To receive federal cost sharing, these Acts specify that provincial plans must comply with a set of "national standards," often referred to as the "pillars of Medicare." They require that all provincial plans contain the following five elements:

(1) universal coverage for all eligible residents. Narrow exclusions are provided for individuals otherwise covered, such as members of the military.

(2) comprehensive coverage for all medically required hospital and physician services. This includes office visits and preventive care as well as drugs and diagnostic testing provided to inpatients. Most provinces also provide coverage for other sectors and services (particularly outpatient and home-based services, mental health and public health), although such services are not required under the federal legislation and, hence, are not considered "insured services" under Medicare.

(3) accessibility. The definition of "reasonable access" in the Canada Health Act includes a prohibition of any direct charges for insured services, and, therefore, does not allow co-payments or deductibles for physician or hospital care.(17) In contrast, many of the provincial plans still use means tests and co-payments for services they choose to provide that are not required under Medicare (for example, drugs, ambulance services, and long-term care).

(4) portable coverage for insured services anywhere in Canada. This requirement is essential to coordinating a series of provincially-run plans.

(5) public administration, which means that there is, at best, a minimal role for private insurance in covering services not included in Medicare, such as semi-private rooms, drugs, or dental care. This feature probably explains why the American health insurance industry is so opposed to the Canadian model, and has had such strong incentives to misrepresent it.

Thus, adoption of a Canadian-style model in the United States would require a system of revenue sharing between federal and state governments, and the establishment of a series of locally run payment agencies that work within national guidelines. Each payment agency would function much like a large, prepaid, group practice in which all providers in the area agree to accept assignment, all residents are insured, and a provision is made for insured persons to receive needed care in other localities through a series of reciprocal portability agreements.

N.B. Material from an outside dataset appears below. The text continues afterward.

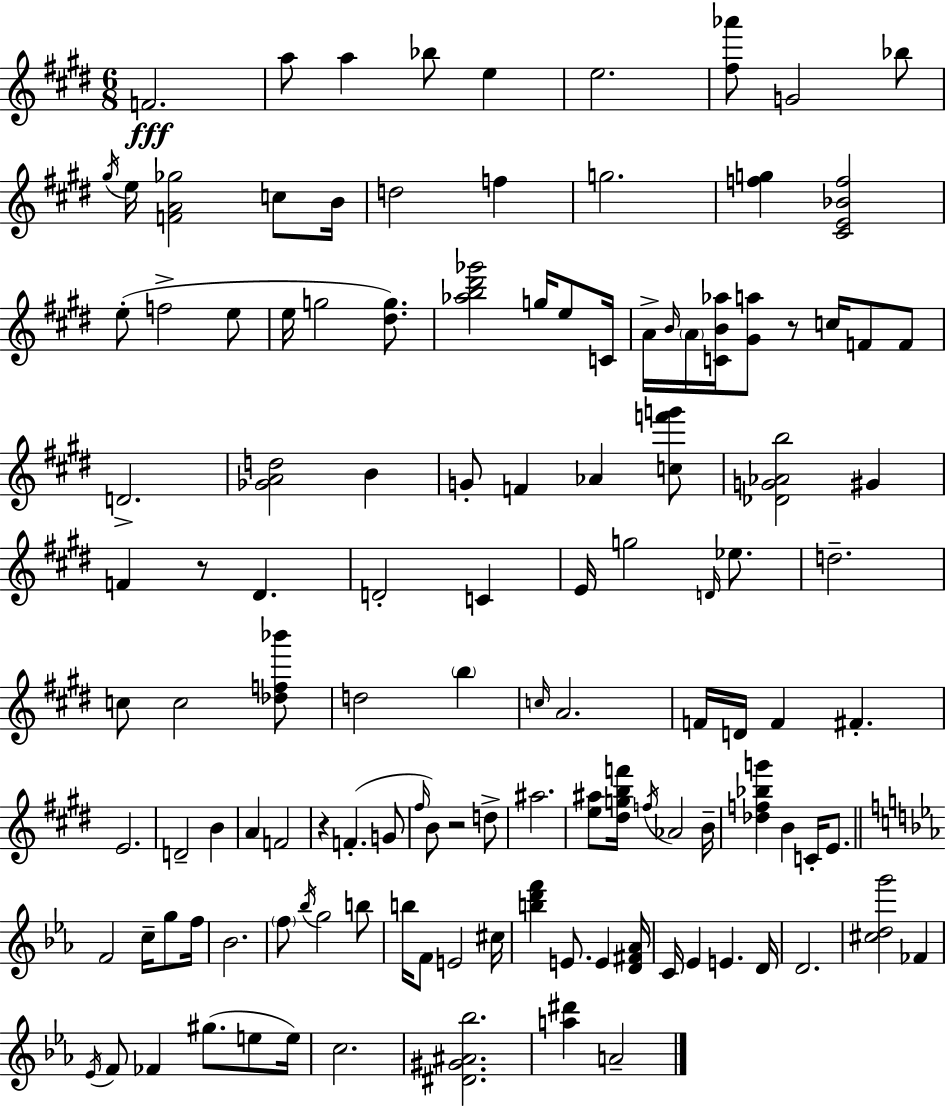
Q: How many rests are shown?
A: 4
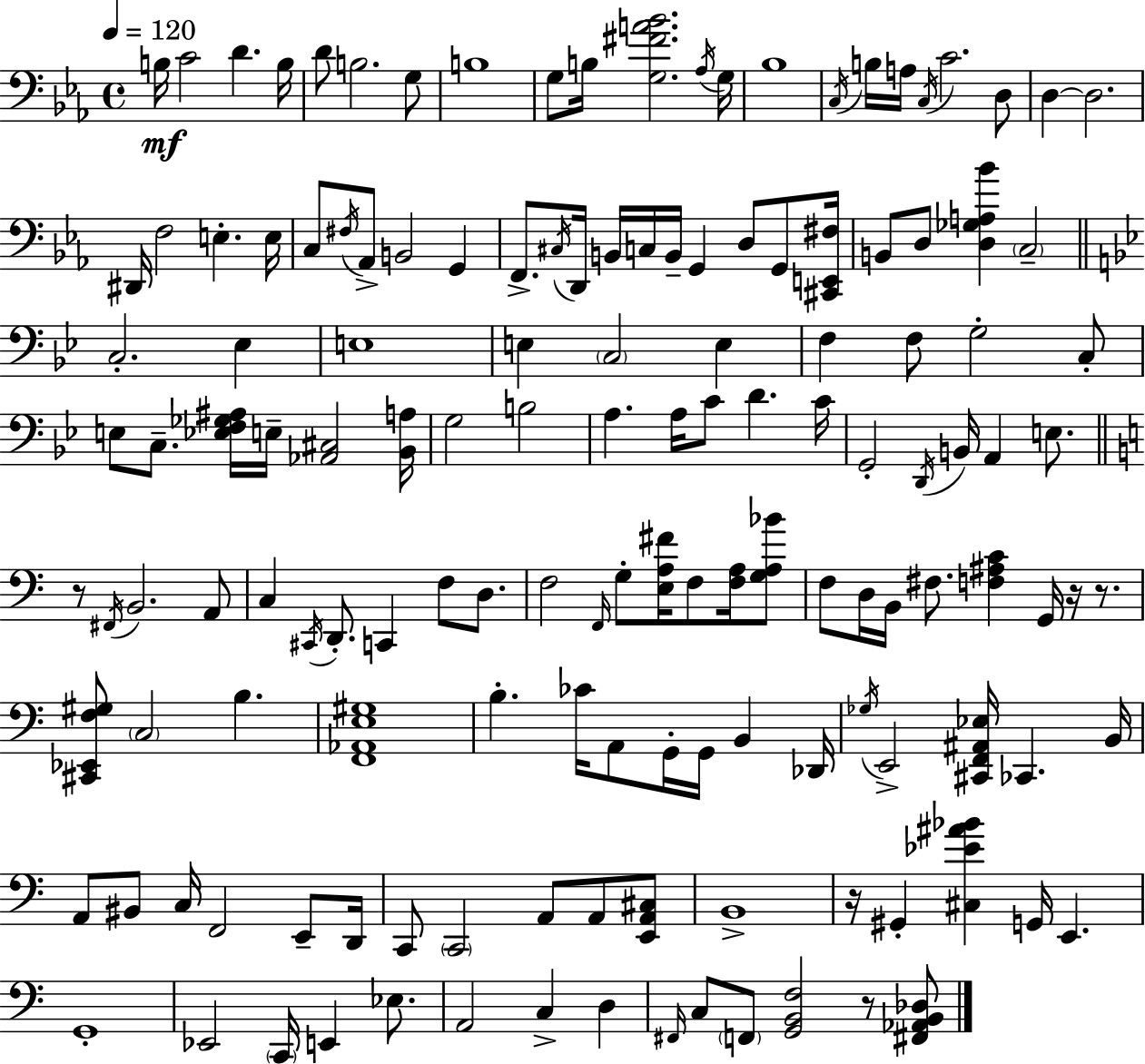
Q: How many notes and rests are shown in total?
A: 145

Federal revenue sharing plays a critical role in the Canadian model. Because significant fiscal disparities often exist across regions, federal cost sharing is essential to ensuring the provision of a uniform level of services nationwide. In fact, much of the current ferment over Canadian Medicare is traceable to the federal government's efforts to curb its budget deficit by reducing its commitment to revenue sharing. This has been accomplished by shifting the financial burden to the provinces through a series of unilateral alterations to the cost sharing formula.(18)

The Canadian model can be contrasted with other health care systems through a typology that Adams, Curry, and I constructed(19) as shown in Figure 1. It distinguishes between the public and private sectors, and between the financing and delivery of health care.